Last update: January 21, 2026
[THIS PROJECT IS IN PROGRESS AND THE CHATBOT WILL BE DEPLOYED ON THE CLOUD FOR PUBLIC ACCESS]
This repo is the second part of a larger GraphRAG application, demonstrating how the GraphRAG pattern works for intelligent question-answering over a music knowledge base. You can find Part 1, the GraphRAG Data Pipeline here: GraphRAG Part 1: Data Pipeline
This system is a high-performance, privacy-focused Retrieval-Augmented Generation (RAG) agent that orchestrates three distinct data retrieval strategies based on user intent:
- Graph Retrieval (Neo4j) — For deterministic facts and relationship traversals
- Vector Retrieval (ChromaDB) — For semantic/contextual queries and "vibe" questions
- Deep Metadata (JSON Sidecar) — For detailed attributes like barcodes, packaging, and social stats
The architecture follows a "Skinny Graph, Fat Context" philosophy: the graph database stays lean and optimized for traversals, while rich contextual data lives in appropriate external stores.
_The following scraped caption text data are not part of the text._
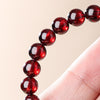 Wine Red Garnet Wrap Bracelet — Single or Three-Wrap Choice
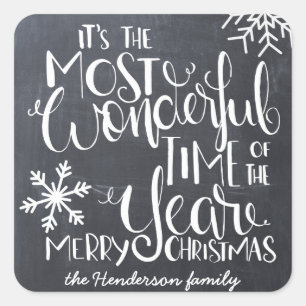 Sticker Carré Chalkboard Snowflake Merveilleux Joyeux Noël
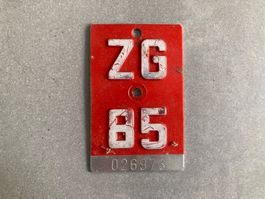 Velonummer Fahrradschild ZG 85 - 026973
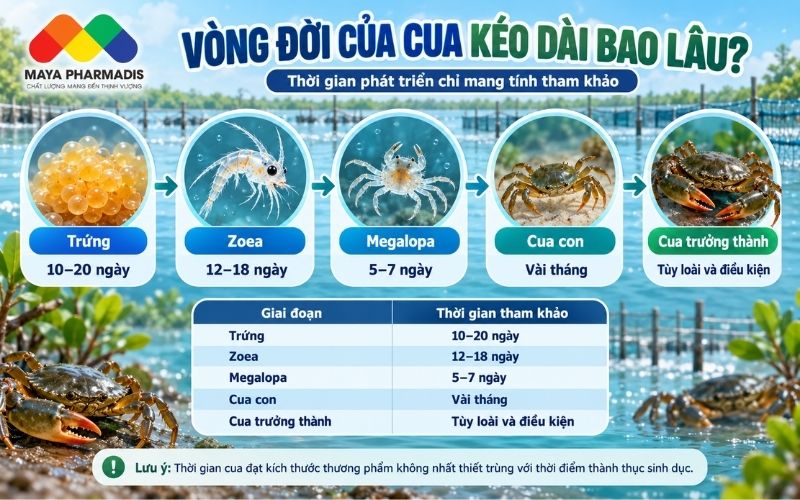 Vòng đời cua kéo dài bao lâu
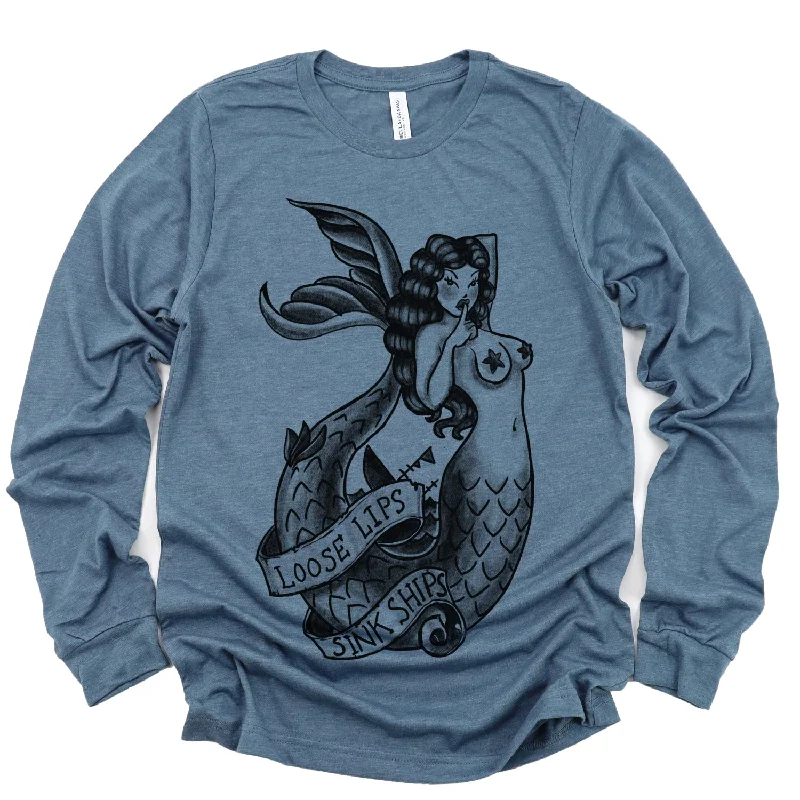 Navy Mermaid Long Sleeve T-shirt: Loose Lips Sink Ships Zippered Front Buttoned Front Snap Front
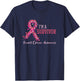 Survivor Pink Ribbons Hearts Breast Cancer Awareness Women T-Shirt - T-Shirt | Navy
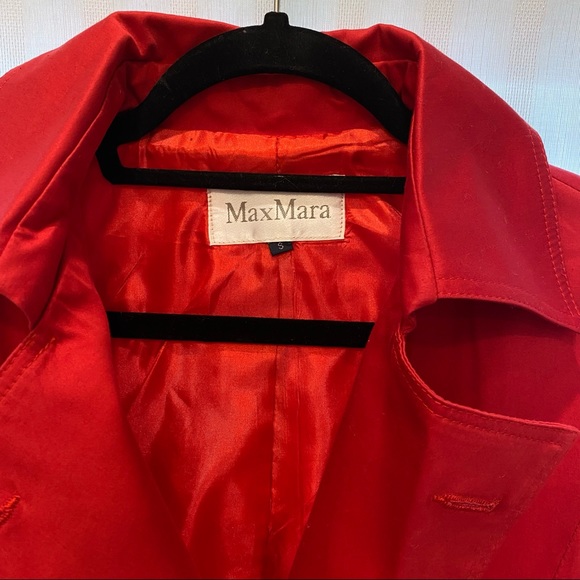Max Mara Red Trench Coat size small - Picture 5 of 12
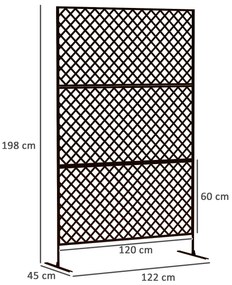 Outsunny Separator de mediu pentru exterior, Ecran de oțel pentru terasă, Verandă, Grădină, Grilă independentă, Oțel, Negru | Aosom Romania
All layers are unified via a strict Identity Fabric using Wikidata QIDs and MusicBrainz MBIDs.
Picture 1. Graph of Orchestration of LangGraph
This system is specifically tuned for the Electronic Music domain. It captures the rich, interconnected history of electronic artists, from early pioneers to contemporary producers. The dataset encompasses a wide range of sub-genres—including Techno, House, Ambient, IDM, and Drum & Bass—modeling the complex relationships between artists, their releases, and the evolving taxonomy of electronic musical styles.
| Category | Technology |
|---|---|
| Orchestration | LangGraph |
| Graph Database | Neo4j (Cloud - Neo4jAura) |
| Vector Store | ChromaDB |
| Embeddings | nomic-ai/nomic-embed-text-v1.5 |
| LLM Inference | MLX (Apple Silicon native) |
| Models | gpt-oss-20b-MLX-8bit (Router/Generalist), Gemma-3-4B-Instruct (Text-to-Cypher) |
| Web UI | Chainlit |
| Configuration | Pydantic / pydantic-settings |
| Logging | structlog |
| Package Manager | uv (Astral) |
The system functions as a Meta-Agent that orchestrates specialized retrievers based on user intent, prioritizing precision (Graph) over approximation (Vector), with a Safety Net protocol to ensure zero-hallucination failures.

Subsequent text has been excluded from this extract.